++++ Records supplied

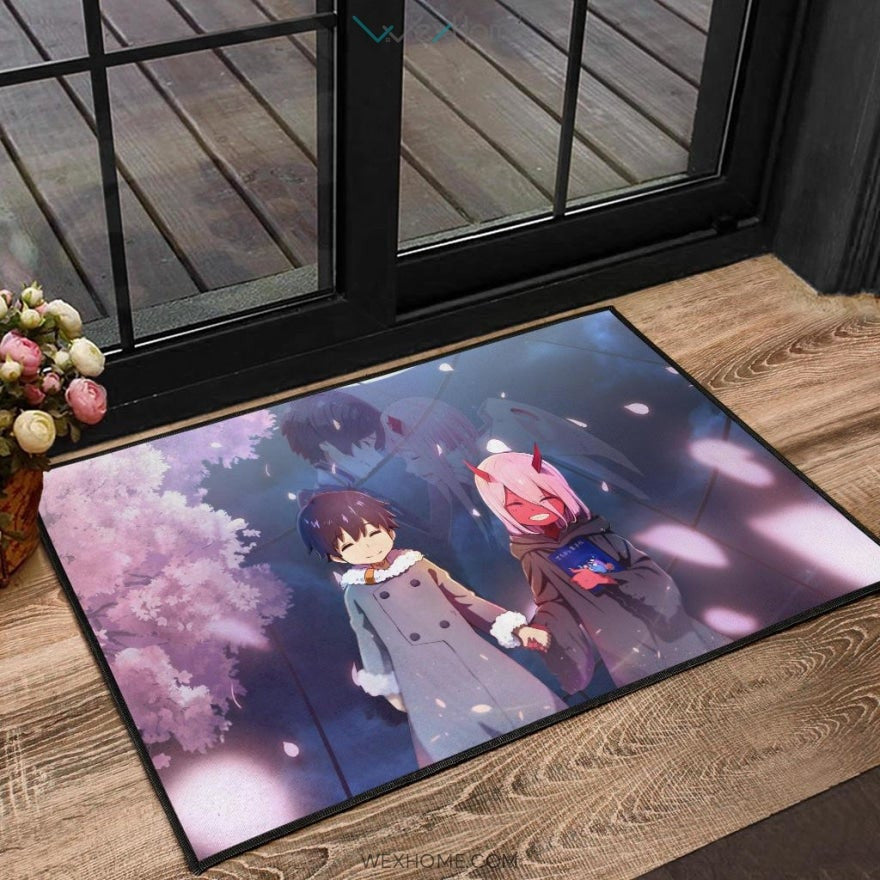 Darling In The Franxx Anime Cute Little Hiro And Red Zero Two Holding Hands Cherry Blossom Door Mat Home Decor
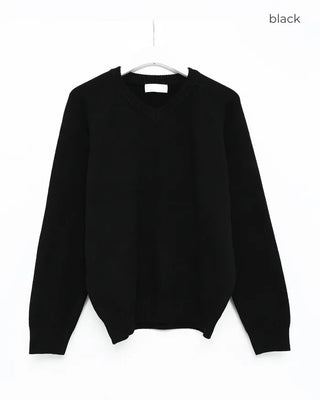 (Unisex) V-neck raglan high-gauge knit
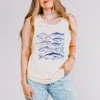 Simply Sage Market Vintage Fish - Women's Garment Dyed Graphic Tank Top In Multi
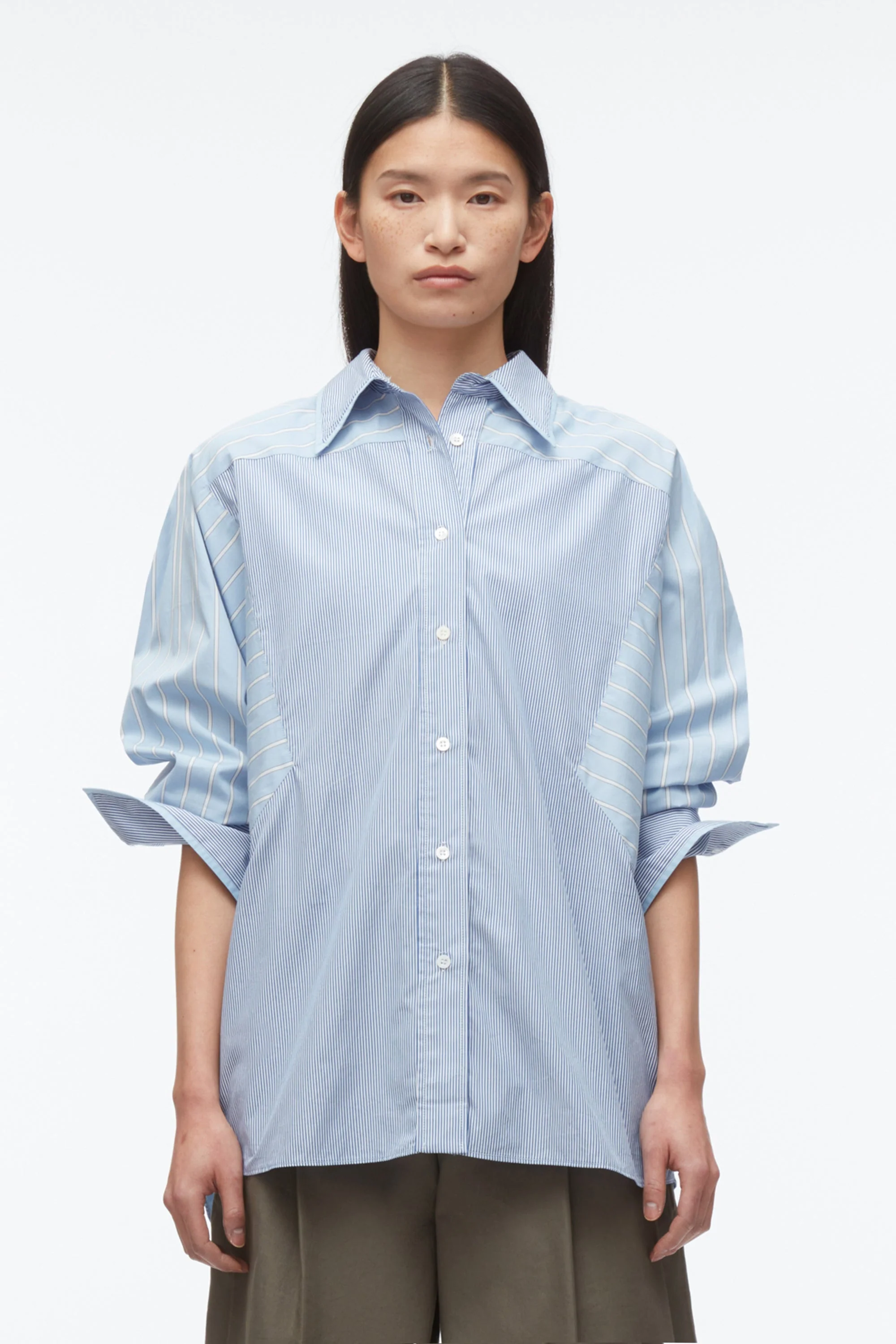 Mixed Stripe Oversized Shirt - Image 2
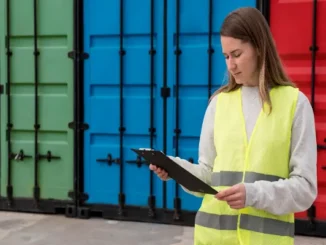 A female logistics manager in a high-visibility safety vest holding a clipboard while standing in front of green, blue, and red shipping containers.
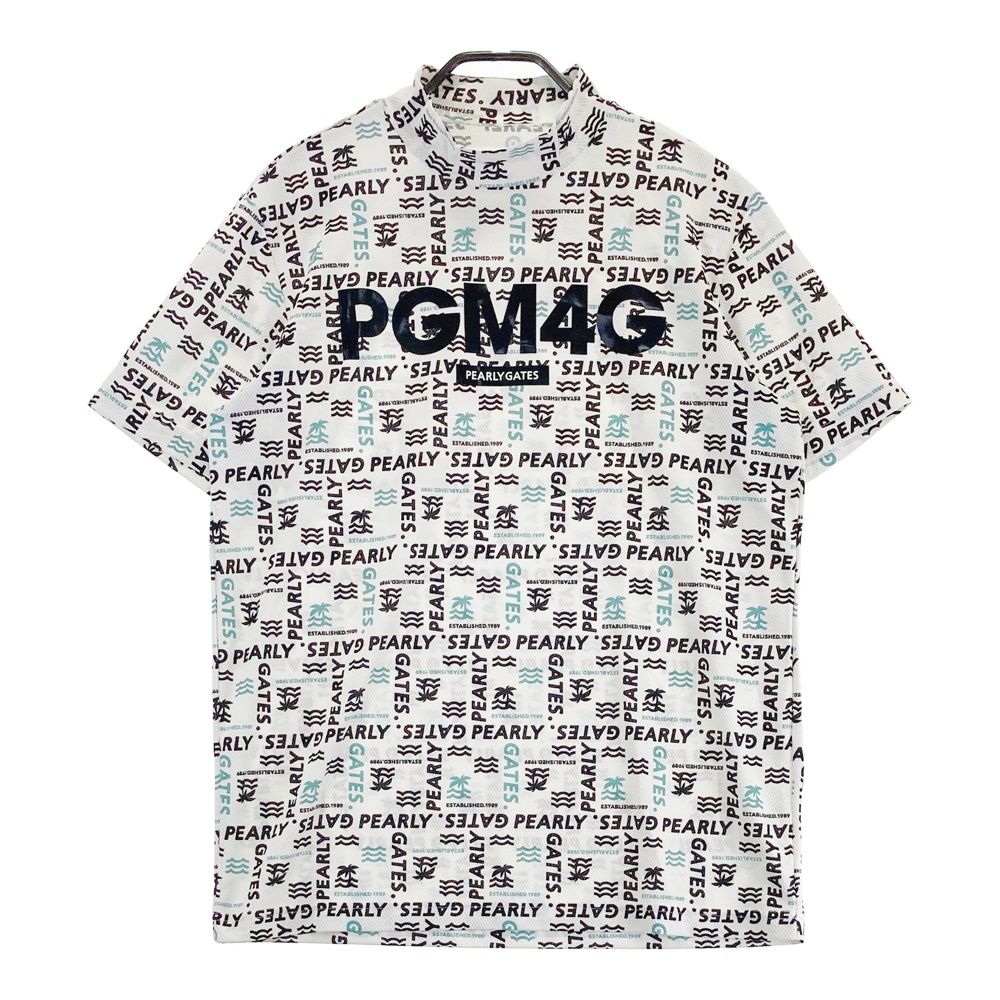サイズ 5 PEARLY GATES パーリーゲイツ モデル ハイネック 半袖Tシャツ ロゴ総柄 ホワイト系 ゴルフウェア メンズ ストスト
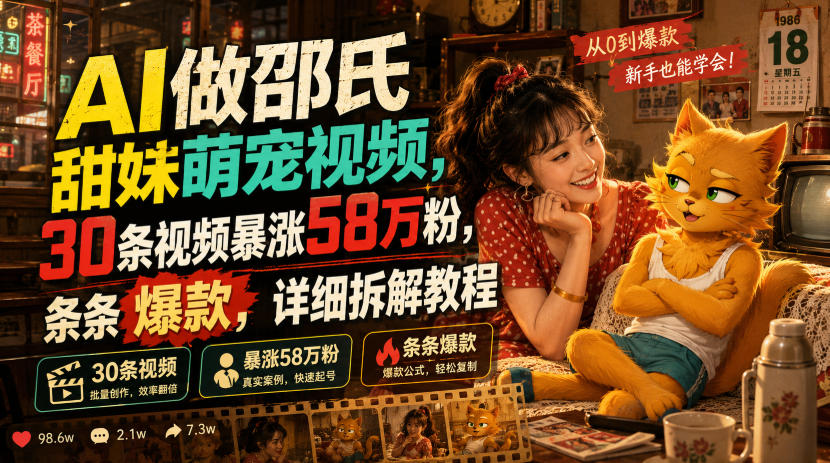 ai做邵氏甜妹萌宠视频，30条视频暴涨58万粉，条条爆-免费资源
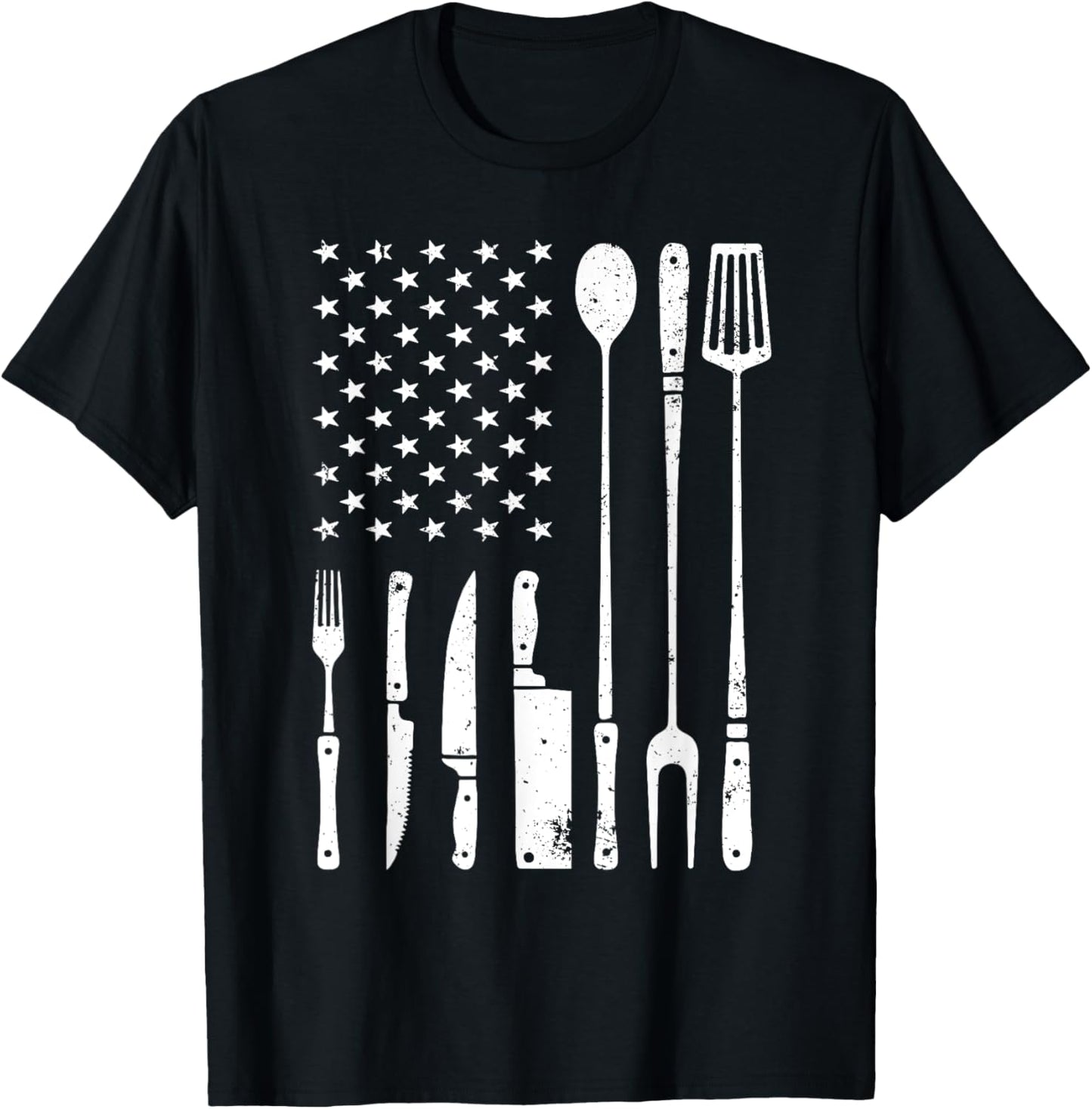 Cool Grilling Women US Flag BBQ Barbeque Smoker T-Shirt - T-Shirt | Black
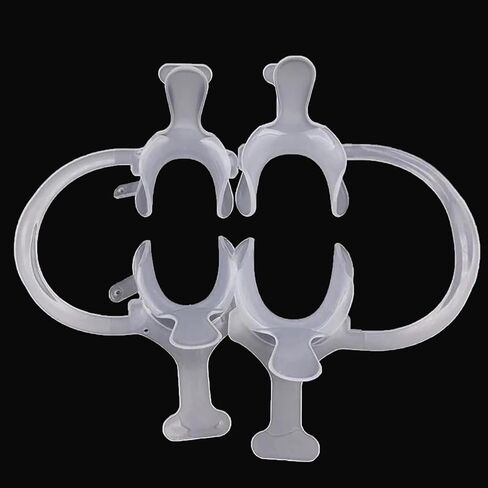 Dental Mouth Opener Cheek Lip Retractor Soft C-Shape Teeth Whitening Cheek Retractor with Handle 2Pcs (Small and Large) in Kuwait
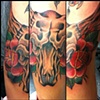 bull skull and roses.  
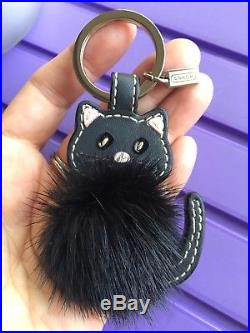Rare! COACH Black Cat Kitten Key Fob Key Chain Bag Charm 92945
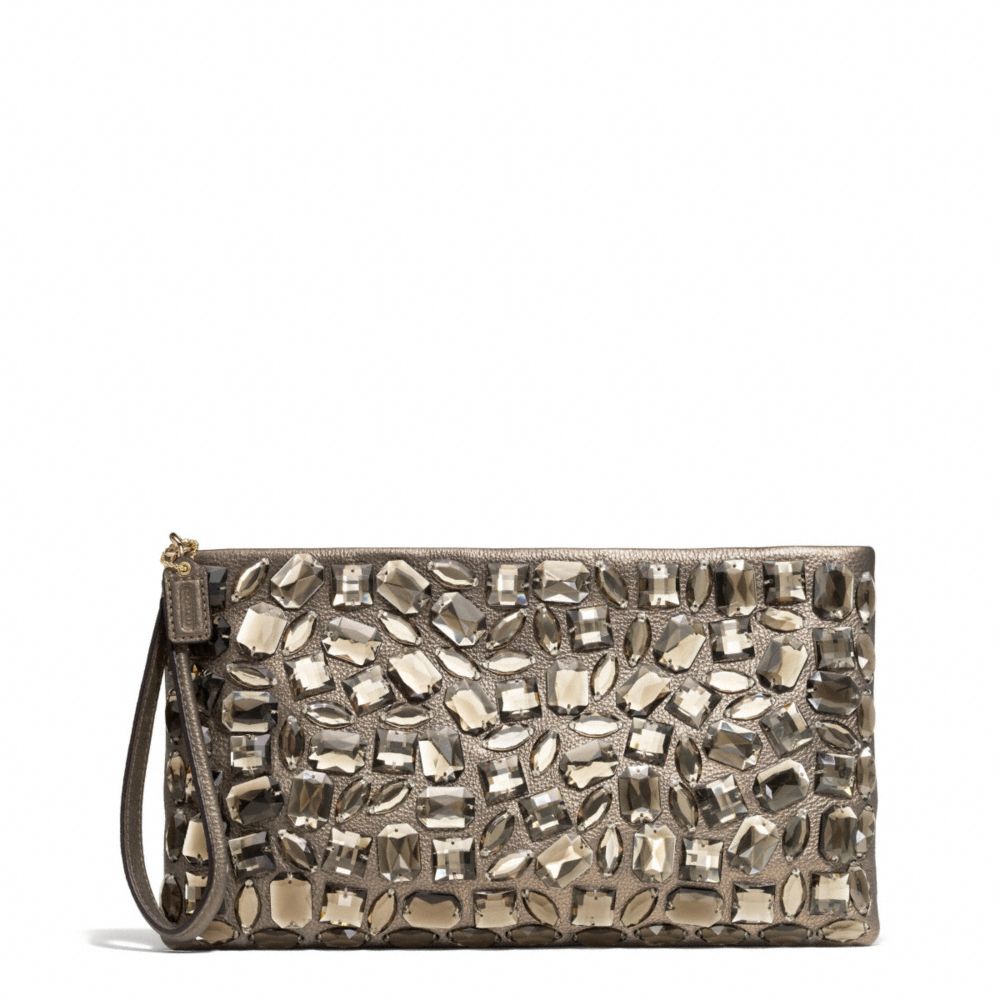 MADISON ZIP CLUTCH IN JEWELED LEATHER - COACH F26485 - ONE-COLOR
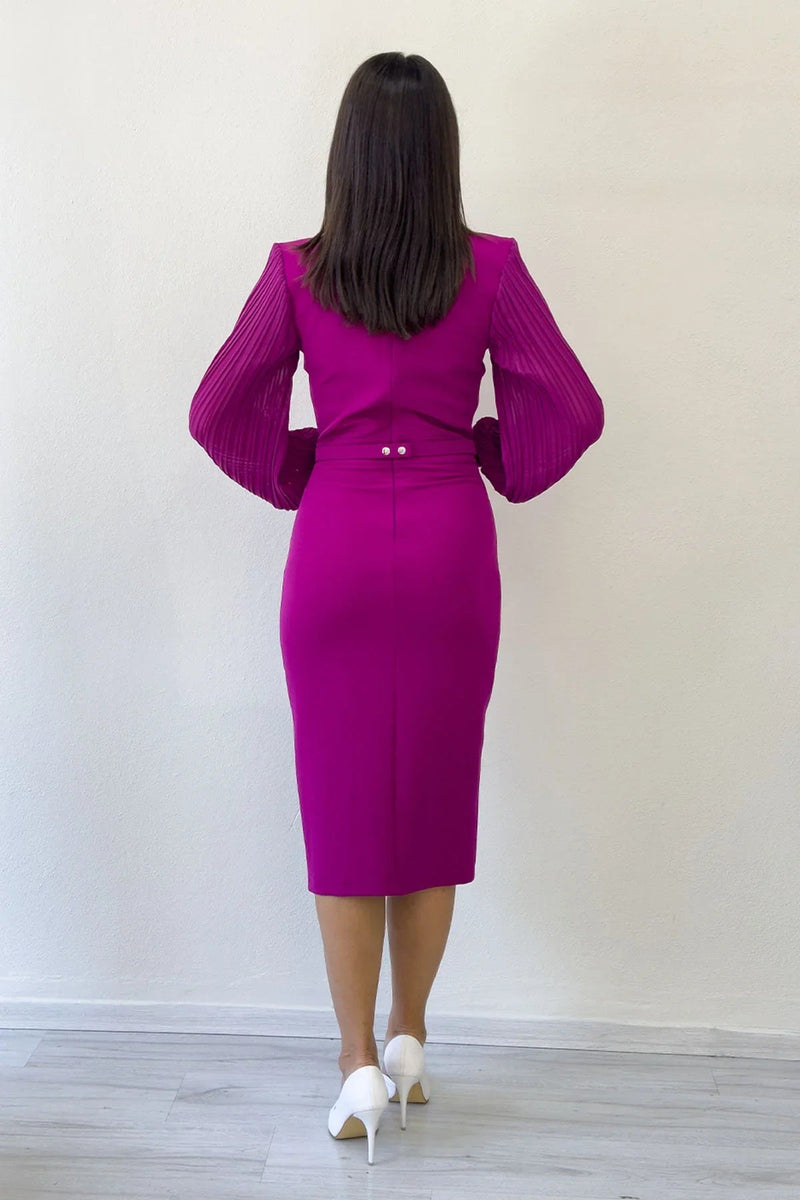 Women's Fuchsia Wrap Neck Belted Midi Pencil Dress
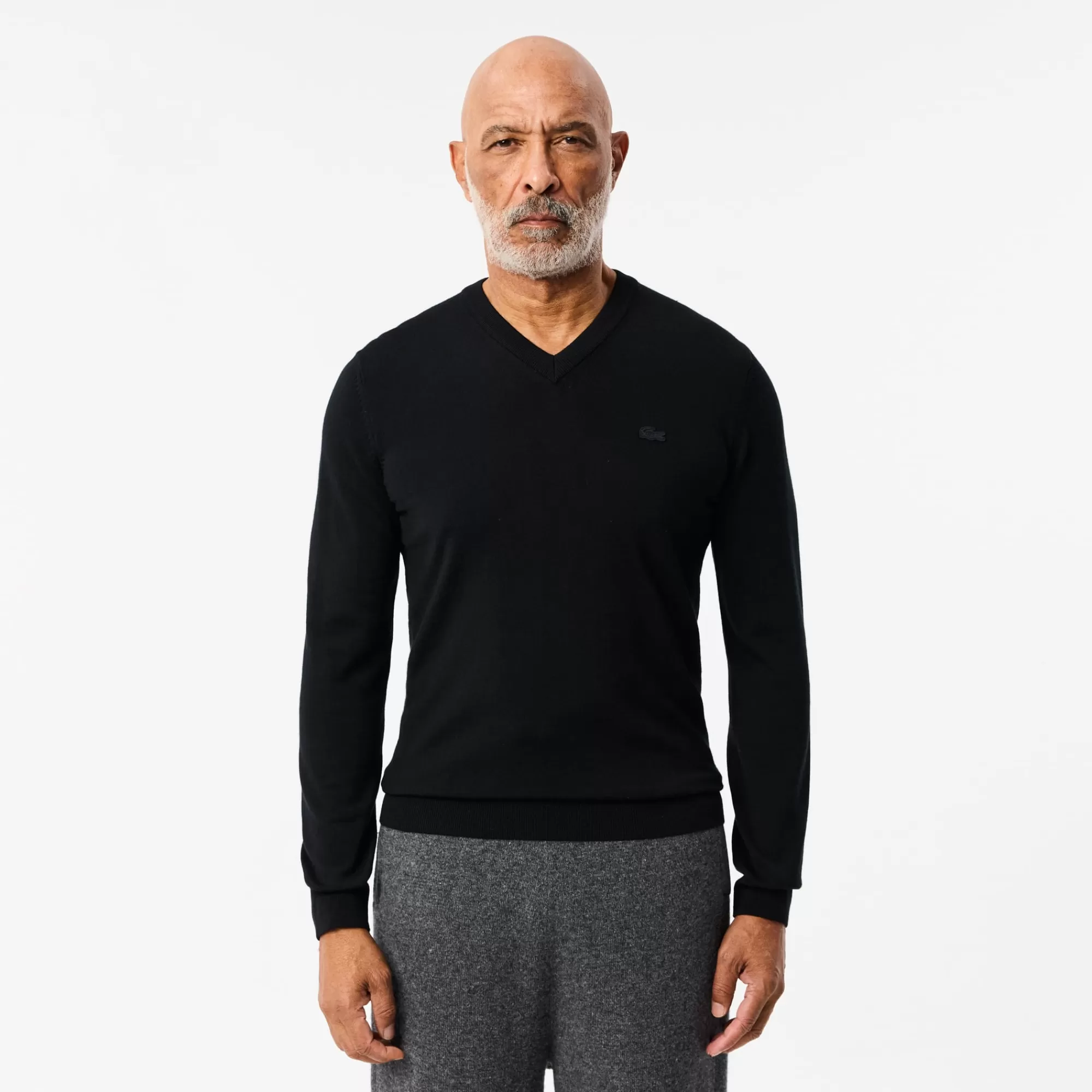 LACOSTE Malhas^Sweater Monocromática de Lã Merino com Decote em V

++++++++

* [Task objective] Find the line with "Mixed Stripe Oversized Shirt - Image 2" in the entries above. Set down exactly every line from it up to and including the line with "Rare! COACH Black", images excluded.

* [Exercise response]
 Mixed Stripe Oversized Shirt - Image 2
 A female logistics manager in a high-visibility safety vest holding a clipboard while standing in front of green, blue, and red shipping containers.
サイズ 5 PEARLY GATES パーリーゲイツ モデル ハイネック 半袖Tシャツ ロゴ総柄 ホワイト系 ゴルフウェア メンズ ストスト
 ai做邵氏甜妹萌宠视频，30条视频暴涨58万粉，条条爆-免费资源
 Cool Grilling Women US Flag BBQ Barbeque Smoker T-Shirt - T-Shirt | Black
 Dental Mouth Opener Cheek Lip Retractor Soft C-Shape Teeth Whitening Cheek Retractor with Handle 2Pcs (Small and Large) in Kuwait
 bull skull and roses.  
Rare! COACH Black Cat Kitten Key Fob Key Chain Bag Charm 92945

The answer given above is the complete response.